What You're Actually Getting

Nine booster packs, one full-art promo card, and the usual Elite Trainer Box trimmings: sleeves, dice, condition markers, a collector's box. Honestly, as ETBs go, it's a solid bundle. The Mega Evolution branding is pulling from a fan-favourite era, which is either exciting or a bit of nostalgia bait depending on your cynicism levels.

The invite-only aspect is worth flagging. It means you can't just casually add it to your basket. You need to have been selected, which adds a layer of faff most people didn't sign up for. If you've got the invite though, the price sits in a reasonable range for what's included.

Who This Is Actually For

Collectors who remember Mega Evolution from the XY era will get a kick out of this. Parents buying for kids? Probably fine, but the invite gate makes it a bit awkward as a casual gift idea. If you're purely cracking packs hoping for resale value, I'd temper expectations. Promo boxes rarely print money the way people hope.

The 762 degrees of community heat on HotUKDeals tells you something real: demand is there.

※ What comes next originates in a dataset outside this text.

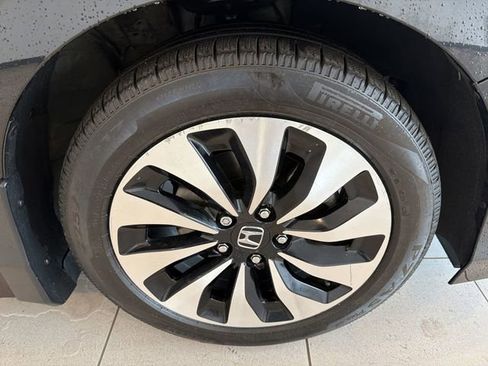 Used 2017 Honda Accord Touring image 14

Stock will go fast. That's not marketing fluff, that's just how Pokemon TCG limited releases behave.

The Honest Reservation

No previous price to compare against, so there's no classic discount story here. You're paying for scarcity and the product itself, not a bargain. Whether that's worth it depends entirely on how much the Mega Evolution theme means to you. For a serious collector or a teenager obsessed with the original XY run, it's a cracking pickup. For everyone else, it's a nice box that's harder to get than it probably should be.